O briefing é talvez o momento de maior interação entre o cliente e o criador. É importante que ambas as partes estejam na mesma frequência, focadas em um objetivo comum.

O briefing pode acontecer logo no primeiro contato com o cliente ou demorar várias reuniões para ser passado, o que importa é que ele seja completo - e ainda mais importante - seja filho único. Poucos briefings são claros, mas isso seria exigir muito do cliente. Geralmente o cliente expressa seus anseios com adjetivos genéricos e expressões de significado subjetivo, como "imagem imponente", "uma empresa do futuro", "bom relacionamento com os clientes" entre outras várias características. Nossa tarefa, como agentes de comunicação, é transmitir essa imagem que o empresário deseja criar através de símbolos, tipos e cores. Não é uma tarefa fácil, mas pode se tornar ainda mais complexa se:

- durante o briefing, você não fizer as peguntas certas, extraindo o sugo do cliente, fazendo com que ele diga tudo aquilo que quer que sua marca represente;
- o cliente não souber o que quer, achando que você pode criar uma marca ou identidade sem saber o que ela deve representar;
- a comunicação entre o cliente e você estiver sendo atrapalhada por qualquer motivo (aqui cabe um exemplo citado pelo mestre Alexandre Wollner: na reunião, o dono da empresa precisa dizer algo a você mas há alguém da empresa dele que não pode saber dessa informação por um motivo qualquer.

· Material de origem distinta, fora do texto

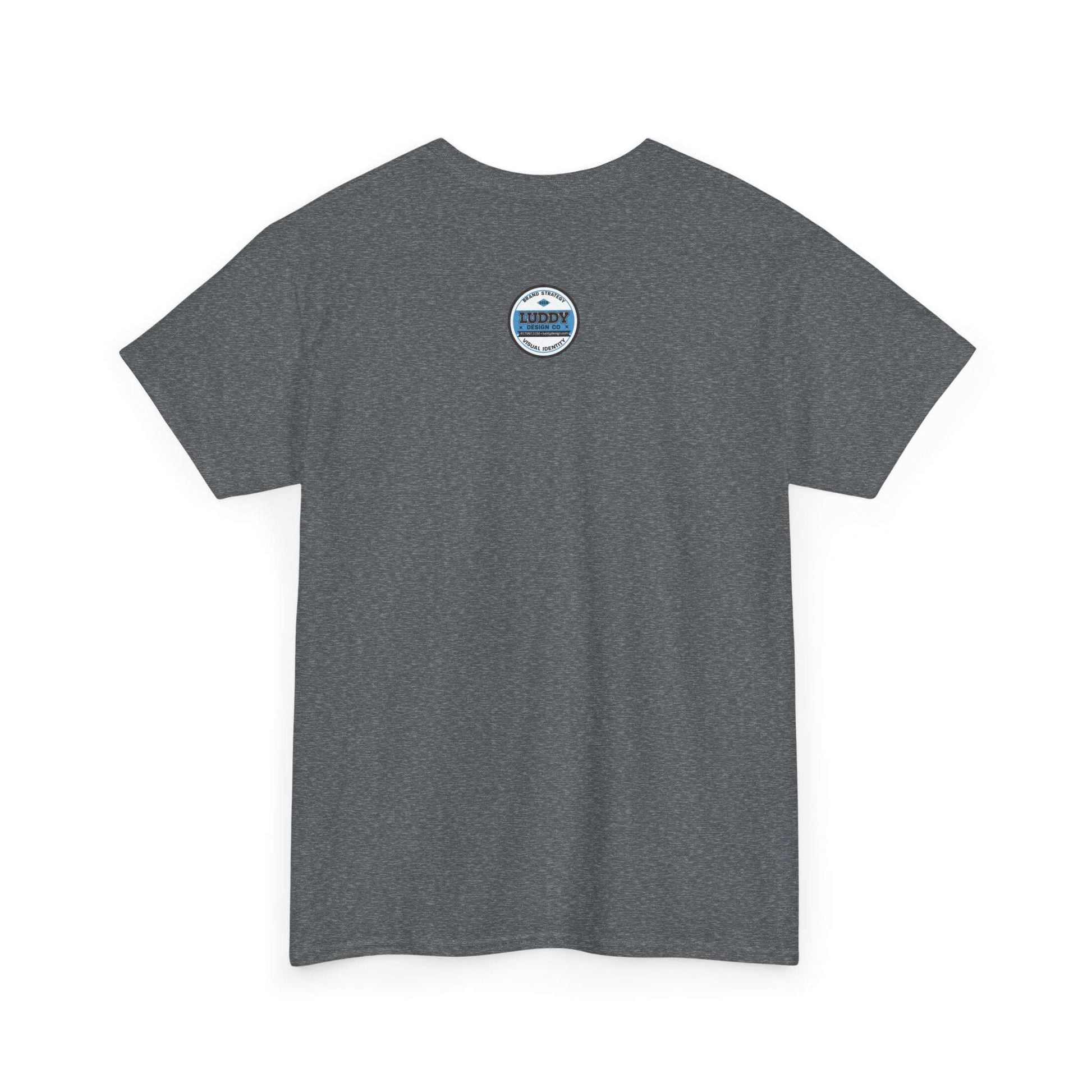 Back view of grey unisex satire Adidas-addicted themed T-shirt made from sustainable US cotton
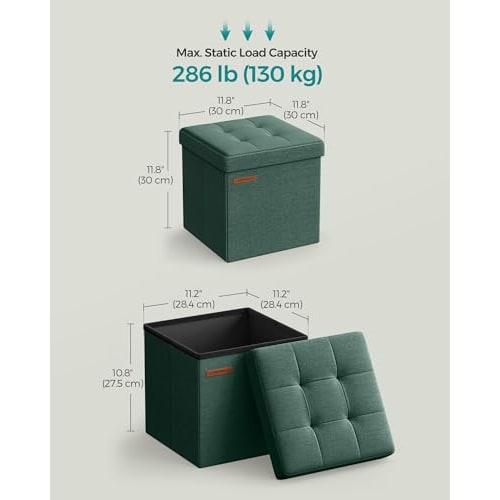 SONGMICS Taburet mic pliabil, 30 cm cub cu spațiu de depozitare, capacitate de greutate 127 kg, verde retro, ULSF028C01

Mais tarde ele dirá, num telefonema ou numa reunião às pressas, mudando o briefing inicial e naturalmente alterando a criação já em andamento.);
- um conceito qualquer (como "uma empresa do futuro") representar algo para você e outro algo para o seu cliente;
- ou o cliente passar um briefing diferente a cada contato, criando irmãos daquele inicial e atando um nó enorme na sua cabeça.

Também é comum o cliente se lembrar de detalhes durante o andamento do projeto e ligar para acrescentar mais informações, que podem contribuir de forma definitiva na criação ou acabarem sendo descartadas. Isto, no entanto, não chega a ser preocupante.

O briefing tem de ser filho único porque serve de leme na hora de direcionar a criação. Como todos sabemos, todo barco só tem um leme. E é aqui que nasce a grande dor de cabeça das agências, produtoras e escritórios: tem muito cliente querendo encher o barco de lemes, com cada irmão remando um deles.

Quando o próprio cliente não sabe o que quer, mas sabe que precisa de uma marca forte, de uma nova identidade ou mesmo de uma adaptação de material, pode ter certeza de que a dor de cabeça será forte. E com certeza, pode cobrar mais caro porque o trabalho será mais complexo que o usual, tendo de cuidar de vários irmãos, cada um remando seu barco para um lado.

O cliente mais complicado que existe é aquele que não consegue definir um briefing, mudando de idéia o tempo todo e modificando o trabalho de criação indefinidamente. Não que isso seja errado. Se houve um erro ou uma interpretação incorreta, é certo que deva ser corrigida, mas o cliente que muda de idéia depois de folhear uma revista e ver "uma logo" bonita é o tipo de cliente que - no mínimo - precisa ser muito bem orientado. Orientado quanto ao que é um trabalho de criação e o que um logotipo (logomarca não existe!) ou uma campanha representam. Ou seja, precisa saber como criar o filho que ficará sob a sua guarda.

Um briefing bem feito pode ser mais da metade do caminho andado, pois facilita o trabalho não só do design, mas do marketing, do atendimento e acredite, até da administração. Quando todos trabalham juntos, o barco segue firme numa direção.

Agora, se você quiser tentar, coloque vários moleques num barco e mande cada um remar numa direção. É ainda mais divertido se o barco não possuir leme!